Au moment d’aborder le jour d’après, quelle dynamique adopte la Chine pour relancer son projet des Nouvelles routes de la Soie ?

 

 

Les grandes lignes des Nouvelles routes de la Soie

A travers son projet « pharaonique » des Nouvelles Routes de la Soie (ou One Belt, One Road) initiées par le Président Xi Jinping à l’automne 2013, la Chine a souhaité mettre en exergue une nouvelle dynamique de développement. Ce projet qui implique plus de 130 pays a pour objectif d’ouvrir deux grandes voies reliant l’Europe à la Chine : l’une terrestre traversant l’Asie centrale et l’autre maritime passant par l’océan Indien. Par ce maillage de routes, les dirigeants chinois entendent développer des routes commerciales avec l’Europe et le Moyen-Orient, l’Afrique et le reste de l’Asie.

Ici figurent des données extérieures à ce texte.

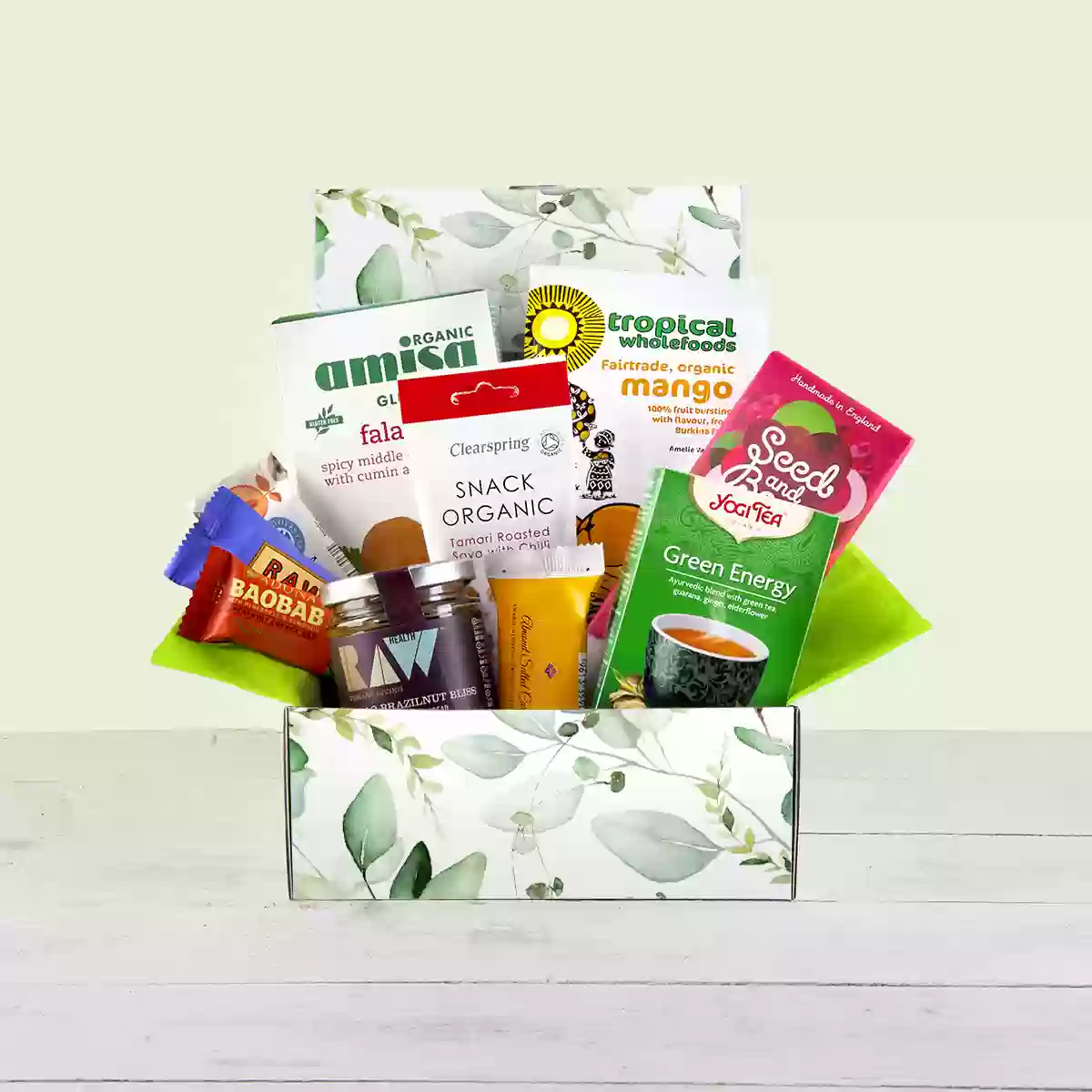 'Organic Goodness' Healthy Natural Hamper Gift Box-8713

Le premier volet de cet ambitieux projet est de favoriser et de sécuriser le transport de la production chinoise vers les principaux pays concernés. Le projet induit pour les pays partenaires de jouir de canaux d’échanges commerciaux privilégiés avec la Chine et de bénéficier d’investissements directs. En l’occurrence, les anciens pays satellites de l’URSS (Kazakhstan, Ouzbékistan, Kirghizistan, Tadjikistan et Turkménistan) se sont vus consentir des prêts colossaux pour construire des infrastructures de toute nature. Au total, on estime que la Chine aurait mis sur table entre 1000 et 4000 milliards de dollars ! Par comparaison l’équivalent du plan Marshall en dollars de 2019 représente 173 milliards de dollars[1].

Comment la Chine et ses partenaires ont appréhendé la période pandémique ?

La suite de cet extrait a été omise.